**Work instruction:** A verbatim repetition of the data below is requested, without images.

**Image-text web data:**
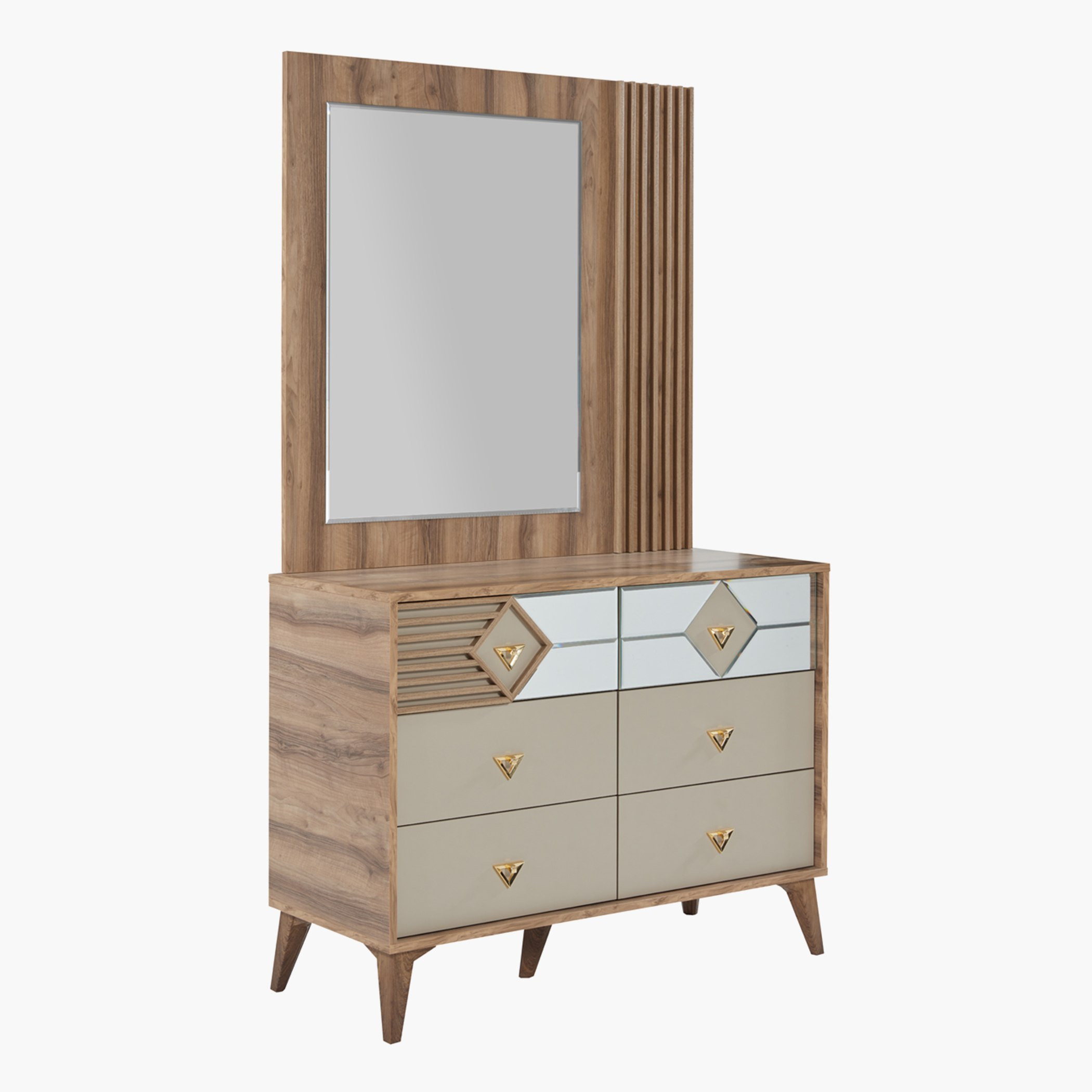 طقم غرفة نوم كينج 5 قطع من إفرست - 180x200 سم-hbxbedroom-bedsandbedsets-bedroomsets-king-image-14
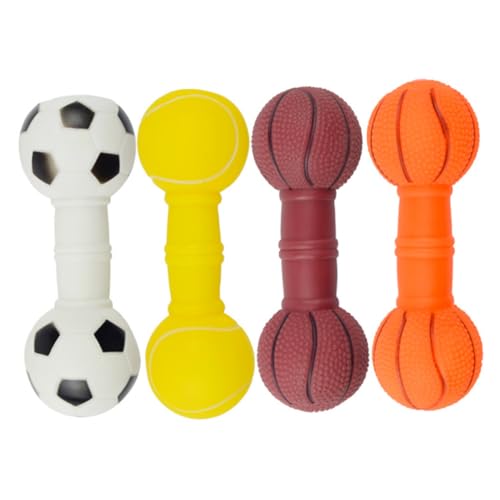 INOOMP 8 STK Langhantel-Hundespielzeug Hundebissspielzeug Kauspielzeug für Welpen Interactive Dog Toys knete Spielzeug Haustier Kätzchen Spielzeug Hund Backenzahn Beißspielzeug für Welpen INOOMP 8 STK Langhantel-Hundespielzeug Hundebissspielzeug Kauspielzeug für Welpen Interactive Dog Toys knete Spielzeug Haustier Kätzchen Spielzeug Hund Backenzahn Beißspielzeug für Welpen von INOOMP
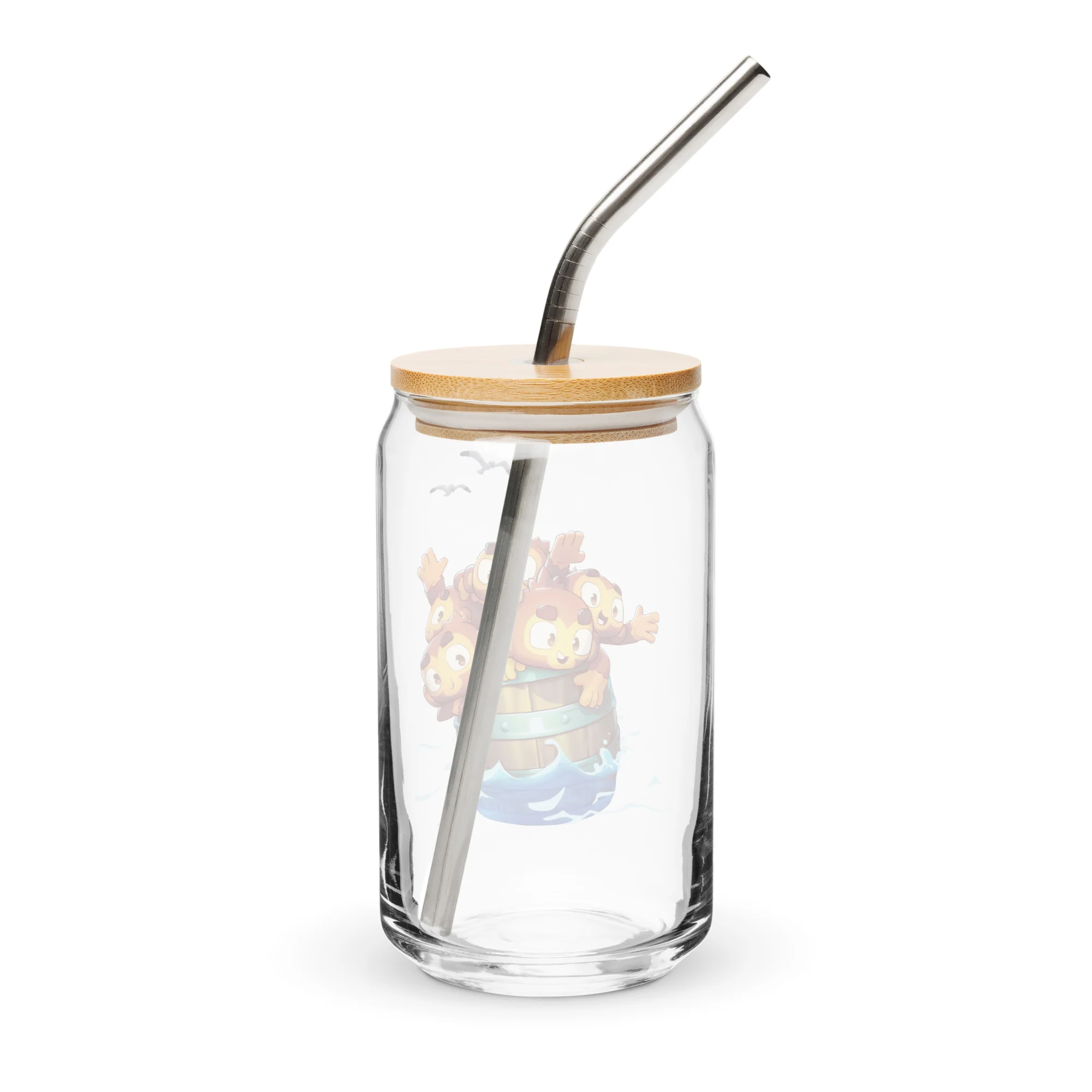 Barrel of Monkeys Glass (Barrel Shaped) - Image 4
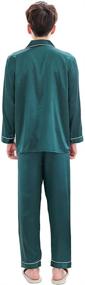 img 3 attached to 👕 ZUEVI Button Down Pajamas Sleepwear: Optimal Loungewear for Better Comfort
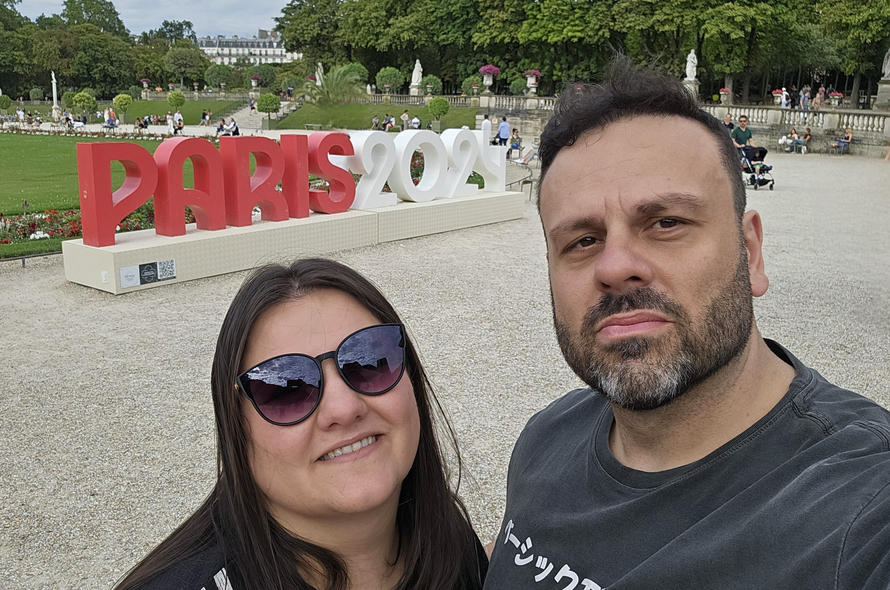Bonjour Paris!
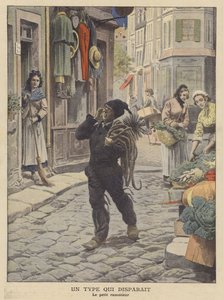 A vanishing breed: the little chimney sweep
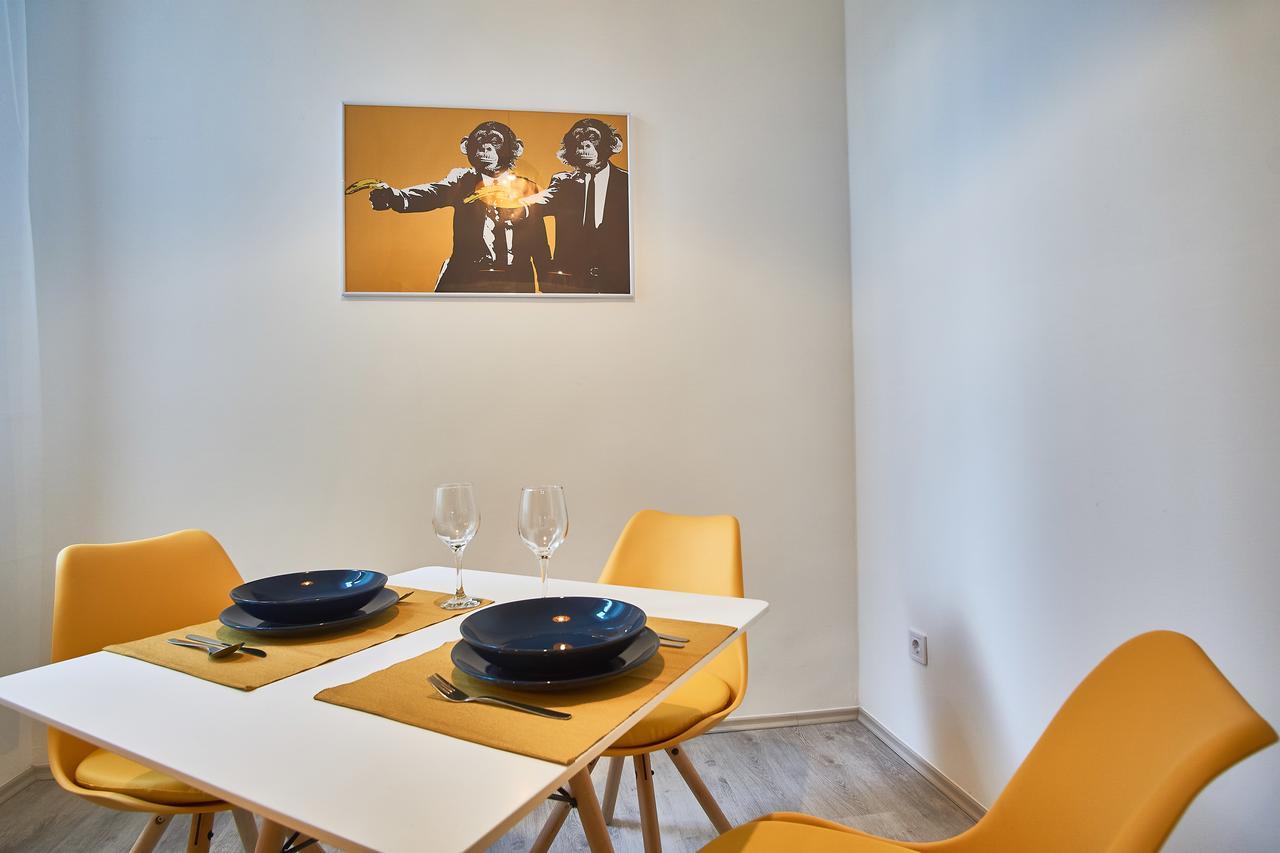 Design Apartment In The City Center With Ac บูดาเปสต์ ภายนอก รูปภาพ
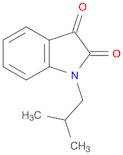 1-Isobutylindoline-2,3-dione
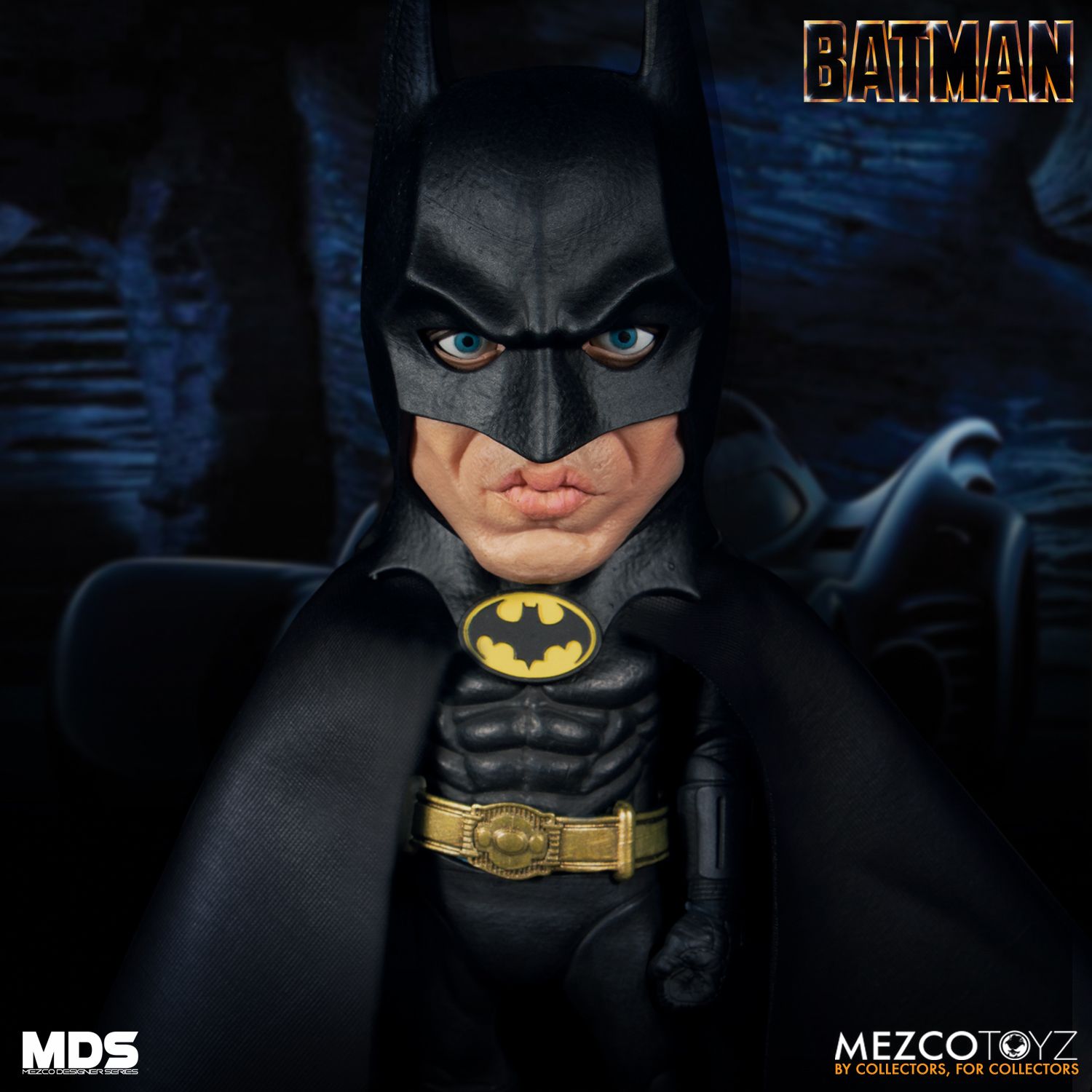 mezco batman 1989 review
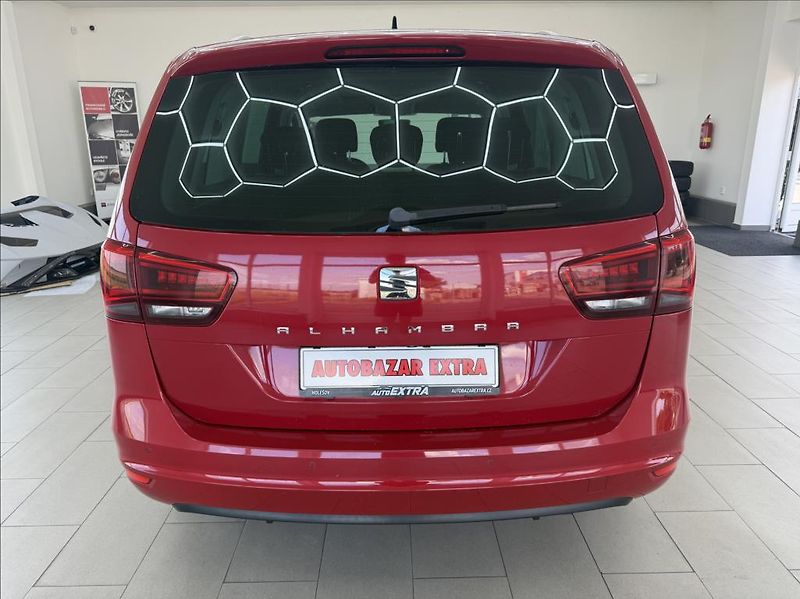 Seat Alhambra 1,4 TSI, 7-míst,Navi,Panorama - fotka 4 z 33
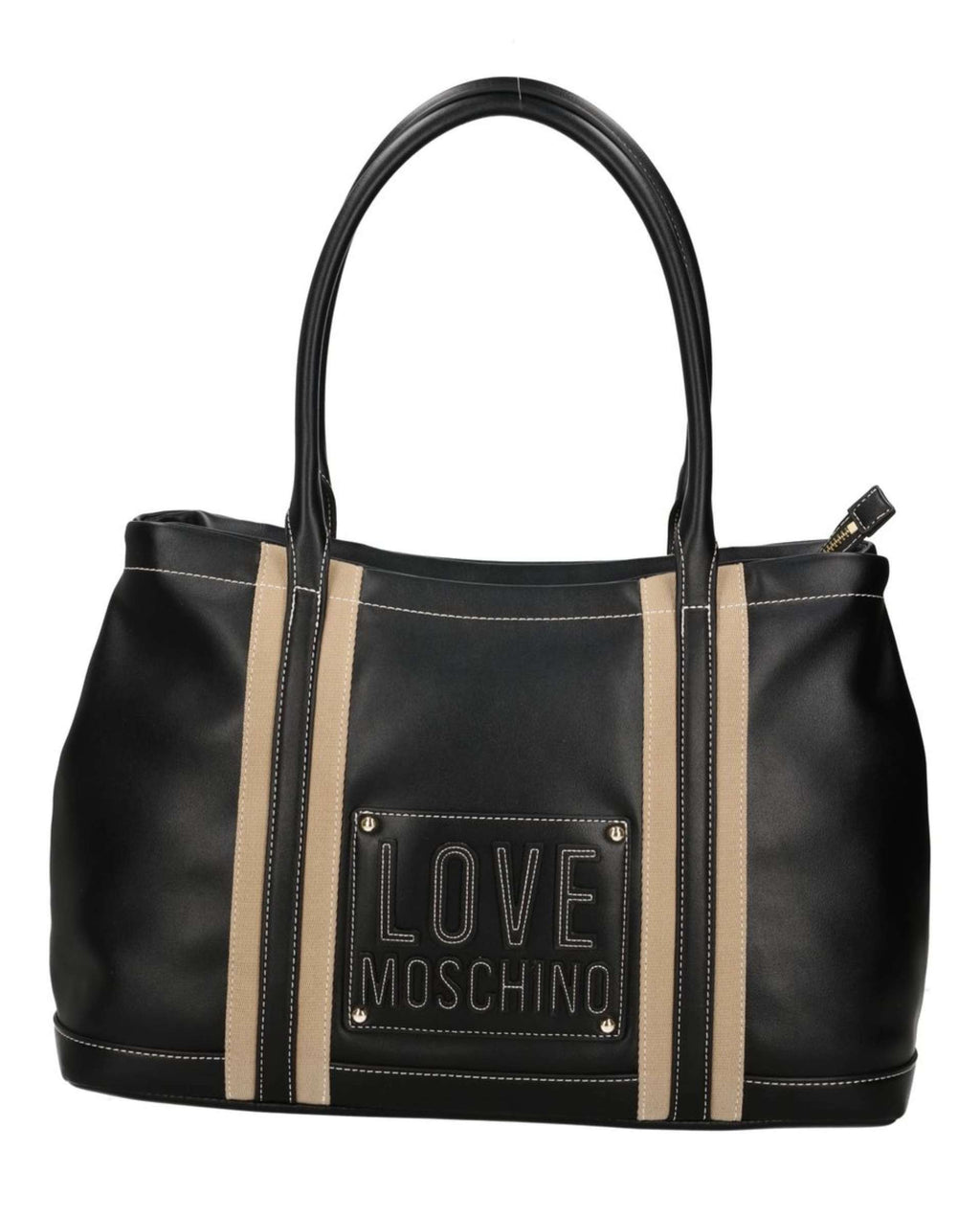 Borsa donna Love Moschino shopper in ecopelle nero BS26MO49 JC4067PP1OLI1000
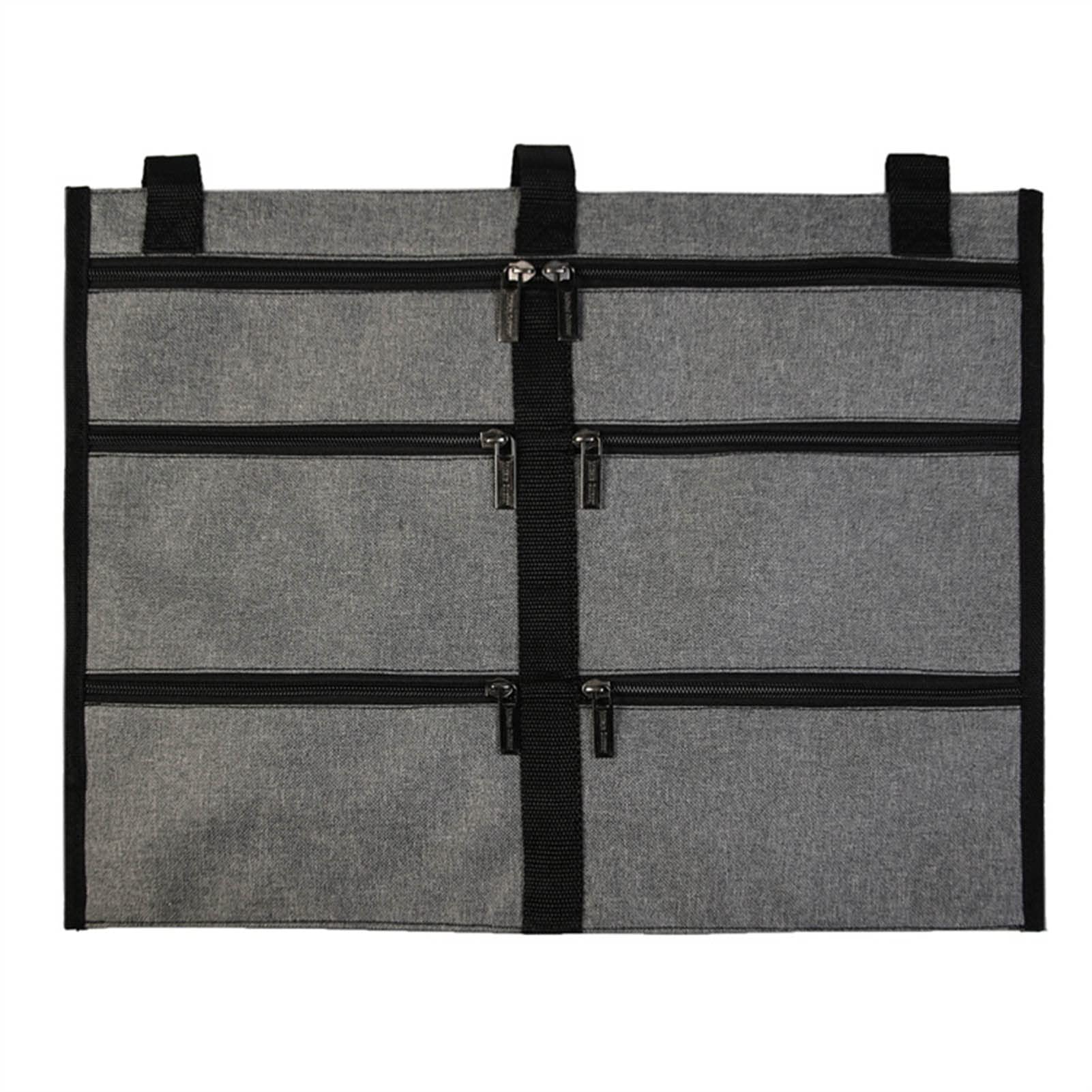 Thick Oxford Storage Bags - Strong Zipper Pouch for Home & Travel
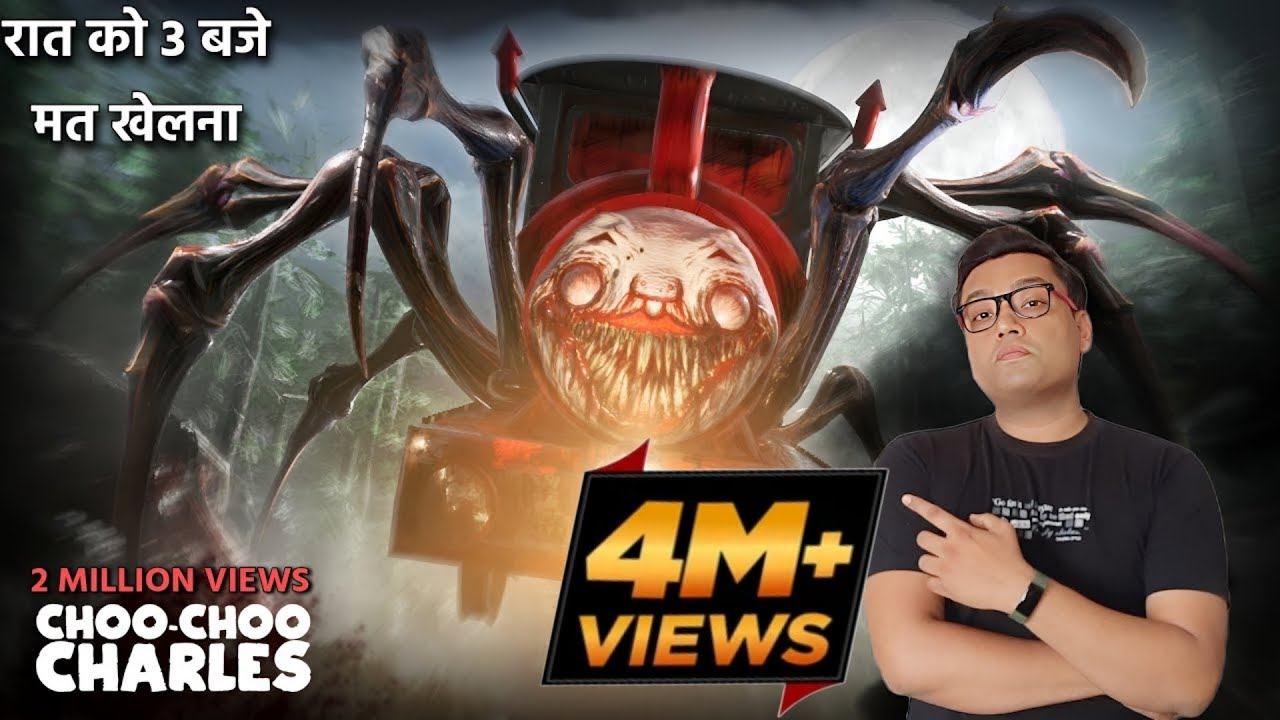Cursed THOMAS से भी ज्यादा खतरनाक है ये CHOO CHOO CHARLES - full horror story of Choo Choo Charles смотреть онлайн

**Answer below:**
 طقم غرفة نوم كينج 5 قطع من إفرست - 180x200 سم-hbxbedroom-bedsandbedsets-bedroomsets-king-image-14
 INOOMP 8 STK Langhantel-Hundespielzeug Hundebissspielzeug Kauspielzeug für Welpen Interactive Dog Toys knete Spielzeug Haustier Kätzchen Spielzeug Hund Backenzahn Beißspielzeug für Welpen INOOMP 8 STK Langhantel-Hundespielzeug Hundebissspielzeug Kauspielzeug für Welpen Interactive Dog Toys knete Spielzeug Haustier Kätzchen Spielzeug Hund Backenzahn Beißspielzeug für Welpen von INOOMP
 Barrel of Monkeys Glass (Barrel Shaped) - Image 4
 img 3 attached to 👕 ZUEVI Button Down Pajamas Sleepwear: Optimal Loungewear for Better Comfort
Bonjour Paris!
 A vanishing breed: the little chimney sweep
 Design Apartment In The City Center With Ac บูดาเปสต์ ภายนอก รูปภาพ
 1-Isobutylindoline-2,3-dione
 mezco batman 1989 review
 Seat Alhambra 1,4 TSI, 7-míst,Navi,Panorama - fotka 4 z 33
 Borsa donna Love Moschino shopper in ecopelle nero BS26MO49 JC4067PP1OLI1000
 Thick Oxford Storage Bags - Strong Zipper Pouch for Home & Travel
Cursed THOMAS से भी ज्यादा खतरनाक है ये CHOO CHOO CHARLES - full horror story of Choo Choo Charles смотреть онлайн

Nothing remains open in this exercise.